Way back on June 14th I went to the London Canal Museum for "Ice Sunday". This seems to be one of those annual events that was going to happen anyway, but which somehow got co-opted into 'The Story Of London' as if they were actually being put on and funded by the Mayor.

London Canal Museum

The day consisted of a short talk about the ice trade by Malcolm Tucker, followed by an opportunity to descend into this Victorian fridge.

Whilst we take it for granted today, ice used to be harvested from ponds and streams during winter in the UK, and then stored in special structures to prevent it melting. Ice cream used to be, literally, the food of kings, as only they could afford to store the ice needed to make it.

In the 1820s, William Leftwich started to import ice to England from Norway, storing it in a giant ice well near Cumberland Market. He also invested in another well in Camden. This still exists, and was, following instructions in his will, ultimately expanded to 100 feet deep. Family legend suggests that his sons spent so much on expanding the business to meet their late father's wishes that they virtually bankrupted the company.

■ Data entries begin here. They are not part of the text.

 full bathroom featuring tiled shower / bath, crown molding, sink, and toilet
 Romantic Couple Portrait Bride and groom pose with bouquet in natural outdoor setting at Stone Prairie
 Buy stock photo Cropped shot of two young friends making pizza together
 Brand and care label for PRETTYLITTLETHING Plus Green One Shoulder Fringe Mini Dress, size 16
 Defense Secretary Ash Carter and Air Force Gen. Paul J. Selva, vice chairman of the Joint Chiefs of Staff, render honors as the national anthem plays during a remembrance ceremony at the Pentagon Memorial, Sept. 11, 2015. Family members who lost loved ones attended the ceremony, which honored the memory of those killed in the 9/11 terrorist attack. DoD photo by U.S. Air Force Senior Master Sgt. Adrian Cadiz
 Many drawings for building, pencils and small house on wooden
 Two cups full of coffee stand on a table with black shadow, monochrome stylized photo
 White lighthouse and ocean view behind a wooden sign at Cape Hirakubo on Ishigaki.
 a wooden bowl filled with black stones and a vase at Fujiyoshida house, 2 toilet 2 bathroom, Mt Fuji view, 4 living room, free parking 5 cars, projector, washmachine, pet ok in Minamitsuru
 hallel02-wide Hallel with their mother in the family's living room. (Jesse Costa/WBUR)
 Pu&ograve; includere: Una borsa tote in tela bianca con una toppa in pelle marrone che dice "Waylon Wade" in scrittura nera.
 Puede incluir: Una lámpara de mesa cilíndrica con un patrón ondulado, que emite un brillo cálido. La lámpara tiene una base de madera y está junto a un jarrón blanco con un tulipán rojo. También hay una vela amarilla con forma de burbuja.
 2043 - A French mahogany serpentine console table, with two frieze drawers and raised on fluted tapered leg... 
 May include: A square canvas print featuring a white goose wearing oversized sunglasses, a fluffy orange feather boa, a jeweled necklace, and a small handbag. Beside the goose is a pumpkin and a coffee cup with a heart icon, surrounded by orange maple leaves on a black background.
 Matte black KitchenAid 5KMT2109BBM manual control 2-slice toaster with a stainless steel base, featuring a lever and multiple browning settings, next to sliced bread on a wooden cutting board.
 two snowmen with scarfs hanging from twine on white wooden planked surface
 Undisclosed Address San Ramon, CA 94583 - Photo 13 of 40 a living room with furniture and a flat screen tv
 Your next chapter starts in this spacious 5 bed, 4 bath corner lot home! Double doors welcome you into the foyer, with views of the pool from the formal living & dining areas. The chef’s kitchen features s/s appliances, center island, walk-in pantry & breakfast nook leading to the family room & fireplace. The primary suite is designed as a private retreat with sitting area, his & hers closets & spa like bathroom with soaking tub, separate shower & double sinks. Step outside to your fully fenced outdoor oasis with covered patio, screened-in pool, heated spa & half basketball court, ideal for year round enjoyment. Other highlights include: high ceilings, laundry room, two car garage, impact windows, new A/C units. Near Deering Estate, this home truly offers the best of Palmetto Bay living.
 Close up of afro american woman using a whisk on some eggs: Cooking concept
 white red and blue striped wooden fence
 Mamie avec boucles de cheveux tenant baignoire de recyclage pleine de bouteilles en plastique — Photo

The London Canal Museum is situated above the remains of an ice well built by another ice importer, the Swiss-Italian Carlo Gatti. He also sourced his ice from Norway, in order to make and retail ice cream. The first well on the location was sunk in 1857, and in 1862 this was joined by a second shaft.

Images of the ice harvest in Norway

Malcolm Tucker gave the talk about the ice trade, and he couldn't have been further from his spin doctor namesake from 'The Thick Of It'. A modest and self-effacing industrial archeologist, at one point he showed an approximate cross-section of the Gatti ice wells as they may have appeared in the late 1800s. He explained that the blob in the middle was his attempt to depict a horse - "as you can see, I am not a very good draughtsman" he observed, which belied the fact that the diagram made the workings of the building perfectly clear.

Malcolm Tucker's 'ice trade talk'

Carlo Gatti also opened another ice storage building nearby in Caledonian Road. This has now been demolished, but we saw a picture of the building when it had been converted to a Salamis Wine Merchants.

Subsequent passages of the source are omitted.